Multifetal redüksiyon işlemi, genellikle erken gebelik haftalarında yapılır ve çoğunlukla cerrahi yöntemlerle gerçekleştirilir. Bu işlem sırasında, gebelikteki birden fazla embriyonun sayısı azaltılır ve gebelik sırasında tehlike oluşturabilecek durumlar önlenebilir.
Ancak, multifetal redüksiyon işlemi, anne adayının sağlığını koruma amacıyla yapılmasına rağmen, bu işlem bazen etik olarak tartışılır ve yapılması konusunda farklı görüşler bulunabilir. Multifetal redüksiyon işleminin riskleri, cerrahi işlemlerin risklerine benzer şekildedir.
Bu işlem sırasında, anesteziye bağlı yan etkilerin yanısıra işlem sırasında kanama ve enfeksiyon gibi riskler mevcuttur ve bu da anne adayının sağlığını tehlikeye sokabilir.

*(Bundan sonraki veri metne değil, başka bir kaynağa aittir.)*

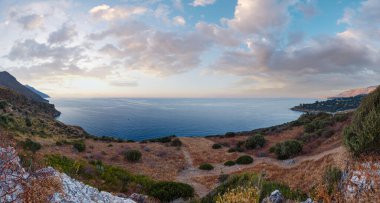 Alacakaranlık deniz manzara Zingaro doğa rezerv parkının arasında San Vito lo Capo Scopello, akşam ve Trapani eyaletinde, Sicilya, İtalya. Üç atış dikiş panorama.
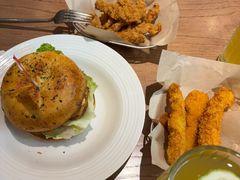 -必胜客(阿罗海店)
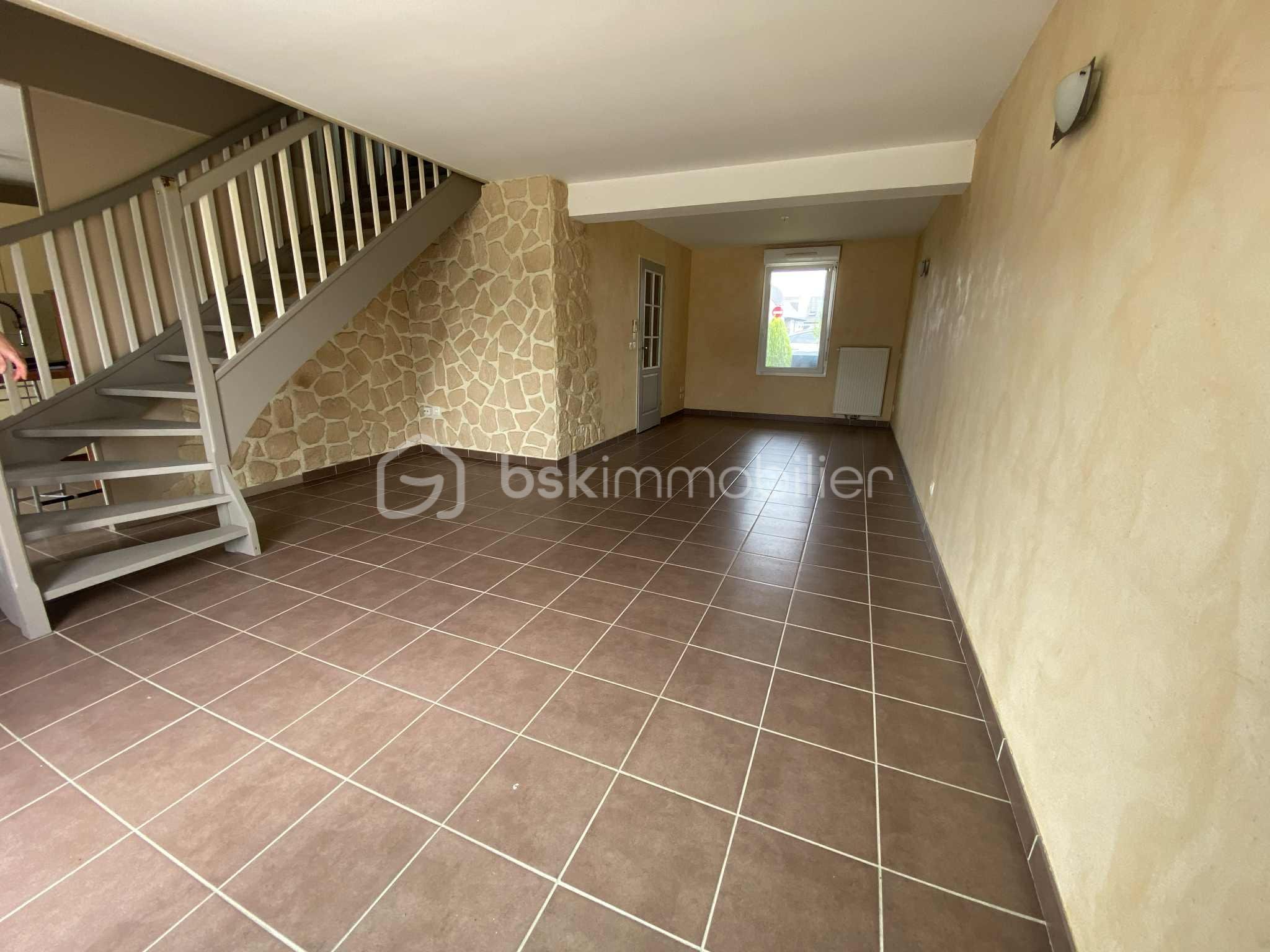 Maison contemporaine de 85 m² - 9caa5dfe-635e-49a0-abda-604969134440.jpg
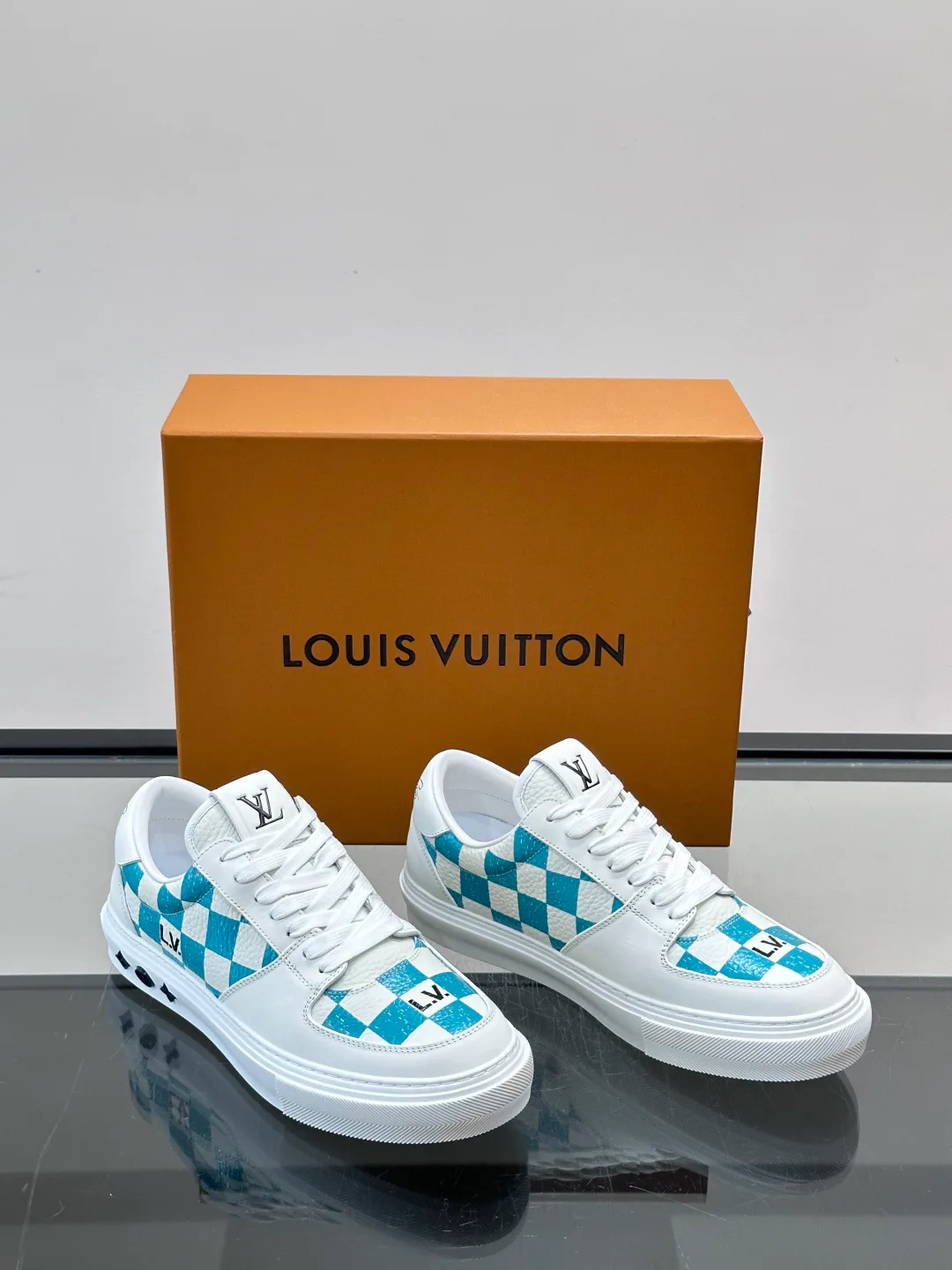 Men's Sneakers LOUIS VUITTON 17817672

Multifetal redüksiyon işleminde, embriyonların azaltılması sırasında, embriyonların tamamen ortadan kaldırılması ya da zarar görmesi gibi riskler de bulunabilir. Bu durum, gelecekteki gebeliklerde sorunlara yol açabilir.
Multifetal redüksiyon işleminin diğer bir riski de, anne adayının gebelik sonrasında depresyon ya da stres yaşamasıdır. Bu işlem, anne adayının gelecekteki gebeliklerine ilişkin endişelerine neden olabilir ve bu da depresyon ya da stres gibi psikolojik sorunlara yol açabilir.
Tüm bu riskler nedeniyle multifetal redüksiyon yerine günümüzde transfer edilecek embriyo sayısının kısıtlanarak çoğul gebeliklerin önüne geçilmesi tercih edilmektedir.